• **Input data**
=== Section Start ===

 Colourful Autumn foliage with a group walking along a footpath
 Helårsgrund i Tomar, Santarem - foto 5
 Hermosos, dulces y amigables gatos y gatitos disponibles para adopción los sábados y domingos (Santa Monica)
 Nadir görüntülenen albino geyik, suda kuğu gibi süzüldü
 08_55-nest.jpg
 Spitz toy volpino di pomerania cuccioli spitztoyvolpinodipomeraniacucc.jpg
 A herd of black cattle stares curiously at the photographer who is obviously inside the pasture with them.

=== Section End ===
=== Section Start ===

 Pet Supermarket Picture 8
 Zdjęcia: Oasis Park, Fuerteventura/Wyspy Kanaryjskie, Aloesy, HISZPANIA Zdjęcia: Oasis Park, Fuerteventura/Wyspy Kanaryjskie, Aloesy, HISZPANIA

=== Section End ===
=== Section Start ===

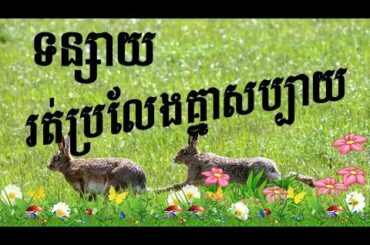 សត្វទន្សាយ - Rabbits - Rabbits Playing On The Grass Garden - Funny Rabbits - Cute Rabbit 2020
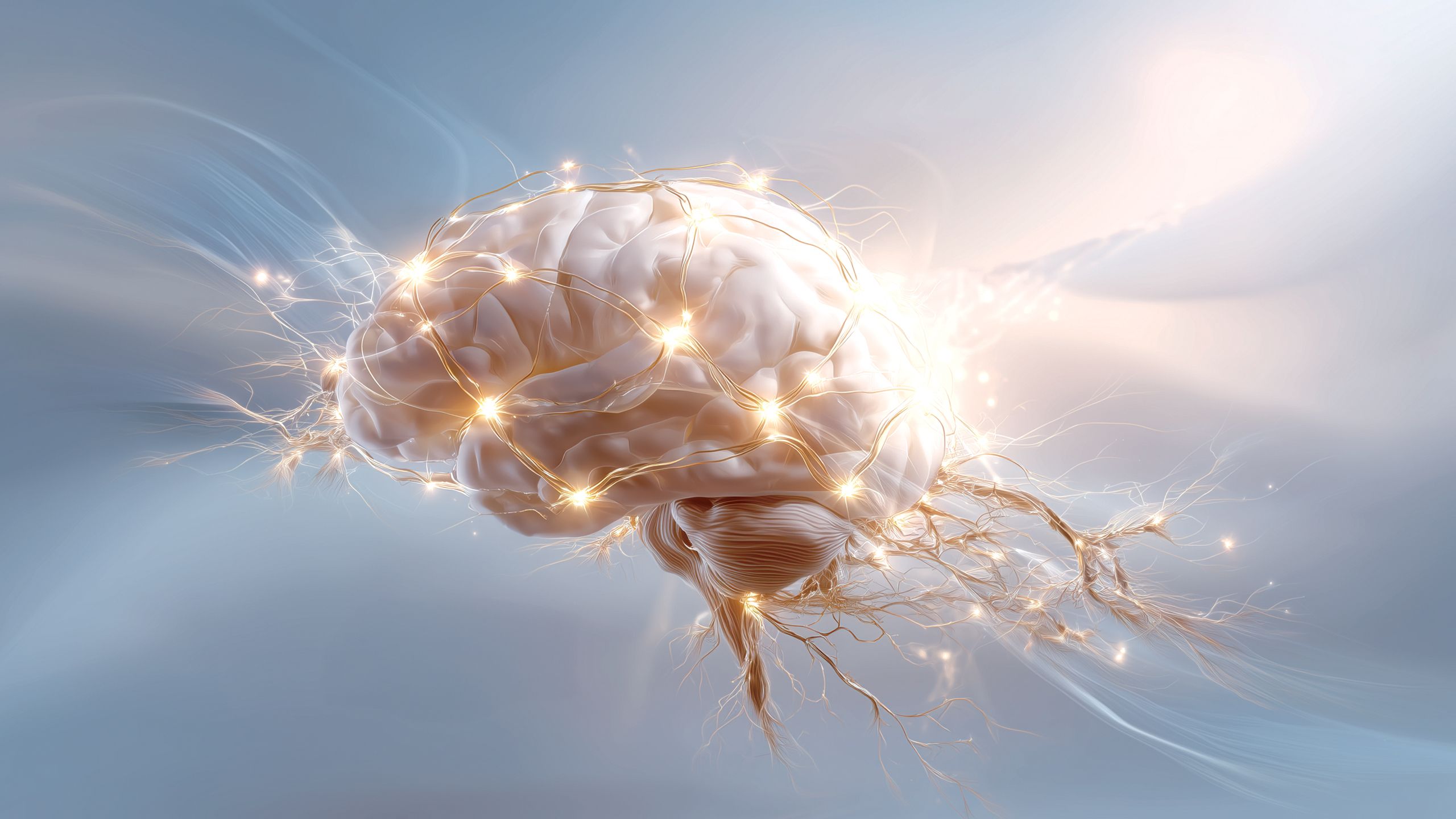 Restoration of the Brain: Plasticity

=== Section End ===

• **Instructions for the task**
When the line with "Nadir görüntülenen albino" is reached in the data above, start copying there, and copy each line exactly until the line with "A herd of black" has been copied; copy nothing else.

• **Solution to the exercise**
 Nadir görüntülenen albino geyik, suda kuğu gibi süzüldü
 08_55-nest.jpg
 Spitz toy volpino di pomerania cuccioli spitztoyvolpinodipomeraniacucc.jpg
 A herd of black cattle stares curiously at the photographer who is obviously inside the pasture with them.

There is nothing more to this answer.